Lets begin with a little ditty, just so you know how much I do appreciate Doolin. But before you go on, you’re not allowed to just read it, you’ve got to promise to sing it, otherwise you wont get the full effect. The tune goes: la laa la laa la la-la, la laa la laa la laa, but you can make up your own if you want.
Oh I love to visit Doolin
A village by the sea
Oh I love to live in Doolin
Doolin, you’re the one for me
How I love to be in Doolin
Beneath the silver sky
Oh I’d love to stay in Doolin
Doolin, youre the one for…I (?? it rhymes)
And before I go into detail of just why Doolin is so wonderful I’ll just take a moment to fill in the gaps. After spending Easter weekend with Lex, Kane and co ( let me interrupt to provide you with a couple of photos of Lex and Kane at some castle near Dingle – just for funView image View image ), on Tuesday I travelled up the coast further to Galway. I guess I’ d kind of built Galway up in my head because I’d heard such good things about it and this is where I was planning to stop for a while and find some work. I was slightly disappointed. The main street is great. Its alot like Grafton street in Dublin – cobbled and pedestrians only, with plenty of buskers and slightly weird sorts -always welcome in my book, aslong as they dont try to touch you. Other than that it’s just another city. It is situated right by the water which is a good thing, but the walkways and the rocky area round the bay are very dirty which is a bad thing – theres rubbish everywhere and it annoys the hell outa me. While in Galway I met up with Aussie Dylan and Aussie Ellen and Aussie Heather who I’d shared a room with in Cork, so once again it was a good night (yes despite all the Australian blood), with live music – not so traditional this time, songs included ACDC (blweua and other sounds of disgust) much to the Aussies’ delight.

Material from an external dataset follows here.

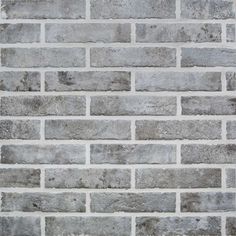 an image of a brick wall that looks like it is made out of cement bricks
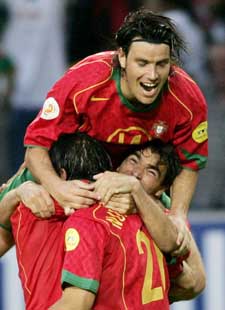 Portugal's Nuno Gomes is congratulated by team-mates Deco and Nuno Valente after scoring against Spain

On Thursday, Aussie Dylan and I decided to go see the Cliffs of Moher – the best scenery in all of Ireland according to some – and on the tourist office’s advice chose Doolin as our destination.
And so it is that I came to be in Doolin. Doolin is about two hours away from Galway, down the coast. Trusty LP paints a picture of a bustling seaside town with cafes, pubs and B&b’s but really its just a road. At the top end of ‘town’ if you can call it that there are two pubs across from each other and a few restaurants down a side street. Scattered for a km or so along the road from there, there are indeed b&b’s. Smack in the middle and right by the Aille River (which many will argue is not a river but a creek even though its called a river – especially Americans and Australians – but if its called Aille River, its got to be a river right? You cant argue with a sign) is the Aille River Hostel, another small town hostel and as friendly as can be. Another further km down the road is a restaurant, a hostel, a tourist sweater shop, a deli (dairy), another tourist shop and the third and final pub. Its so spread out that you could easily drive right through it not knowing you’d arrived in fact a guy did actually come into the hostel one night to ask where Doolin was….’well, we’re sorry to tell you but you’re smack bang in the middle of it’. I guess you could compare it to Te Poi on the way to Hamilton in NZ….and if you dont know where that is then you’ve got my point exactly.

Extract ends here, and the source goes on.